[Entries taken from a collection]
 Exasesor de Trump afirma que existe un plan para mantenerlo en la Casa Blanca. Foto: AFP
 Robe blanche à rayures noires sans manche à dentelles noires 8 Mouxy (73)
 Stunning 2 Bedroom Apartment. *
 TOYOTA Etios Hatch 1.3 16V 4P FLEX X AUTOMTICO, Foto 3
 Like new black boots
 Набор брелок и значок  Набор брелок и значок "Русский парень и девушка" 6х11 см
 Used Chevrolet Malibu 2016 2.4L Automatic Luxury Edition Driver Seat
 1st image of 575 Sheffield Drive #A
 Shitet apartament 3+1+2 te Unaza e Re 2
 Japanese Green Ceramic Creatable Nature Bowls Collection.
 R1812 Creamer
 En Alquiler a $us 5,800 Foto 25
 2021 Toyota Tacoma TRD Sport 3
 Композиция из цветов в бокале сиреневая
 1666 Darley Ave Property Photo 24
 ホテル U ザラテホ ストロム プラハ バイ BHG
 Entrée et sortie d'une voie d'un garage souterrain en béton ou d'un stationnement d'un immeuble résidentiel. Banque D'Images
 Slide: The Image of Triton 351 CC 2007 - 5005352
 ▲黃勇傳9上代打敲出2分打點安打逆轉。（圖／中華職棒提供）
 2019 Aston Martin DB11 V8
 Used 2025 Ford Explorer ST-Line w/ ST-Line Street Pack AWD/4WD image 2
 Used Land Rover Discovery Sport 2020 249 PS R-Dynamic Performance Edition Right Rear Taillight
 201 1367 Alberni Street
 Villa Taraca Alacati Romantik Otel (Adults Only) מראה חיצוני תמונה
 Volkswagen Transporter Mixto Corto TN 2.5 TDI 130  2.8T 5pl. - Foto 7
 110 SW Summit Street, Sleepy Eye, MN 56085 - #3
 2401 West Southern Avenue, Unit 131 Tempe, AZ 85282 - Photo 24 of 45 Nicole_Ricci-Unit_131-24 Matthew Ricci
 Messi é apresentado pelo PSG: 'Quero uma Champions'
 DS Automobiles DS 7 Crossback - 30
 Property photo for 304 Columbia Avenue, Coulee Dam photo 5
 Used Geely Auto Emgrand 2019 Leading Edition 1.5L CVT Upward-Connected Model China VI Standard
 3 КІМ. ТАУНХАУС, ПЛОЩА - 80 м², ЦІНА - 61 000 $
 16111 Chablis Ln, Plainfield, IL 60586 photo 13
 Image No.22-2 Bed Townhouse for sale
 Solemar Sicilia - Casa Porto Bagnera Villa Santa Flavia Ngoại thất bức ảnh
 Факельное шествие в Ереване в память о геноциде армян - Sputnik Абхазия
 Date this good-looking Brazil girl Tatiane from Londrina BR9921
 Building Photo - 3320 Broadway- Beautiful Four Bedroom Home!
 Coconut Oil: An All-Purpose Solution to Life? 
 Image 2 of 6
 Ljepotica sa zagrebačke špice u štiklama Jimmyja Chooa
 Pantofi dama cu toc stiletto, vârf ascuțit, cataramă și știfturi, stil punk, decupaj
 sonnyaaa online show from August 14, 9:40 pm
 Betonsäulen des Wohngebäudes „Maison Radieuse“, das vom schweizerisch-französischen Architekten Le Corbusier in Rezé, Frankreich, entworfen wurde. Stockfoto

- _What is expected_
Would you copy out exactly the lines above that start at the one containing "Volkswagen Transporter Mixto" and end at the one containing "Used Geely Auto", inclusive?

- _Written solution_
 Volkswagen Transporter Mixto Corto TN 2.5 TDI 130  2.8T 5pl. - Foto 7
 110 SW Summit Street, Sleepy Eye, MN 56085 - #3
 2401 West Southern Avenue, Unit 131 Tempe, AZ 85282 - Photo 24 of 45 Nicole_Ricci-Unit_131-24 Matthew Ricci
 Messi é apresentado pelo PSG: 'Quero uma Champions'
 DS Automobiles DS 7 Crossback - 30
 Property photo for 304 Columbia Avenue, Coulee Dam photo 5
 Used Geely Auto Emgrand 2019 Leading Edition 1.5L CVT Upward-Connected Model China VI Standard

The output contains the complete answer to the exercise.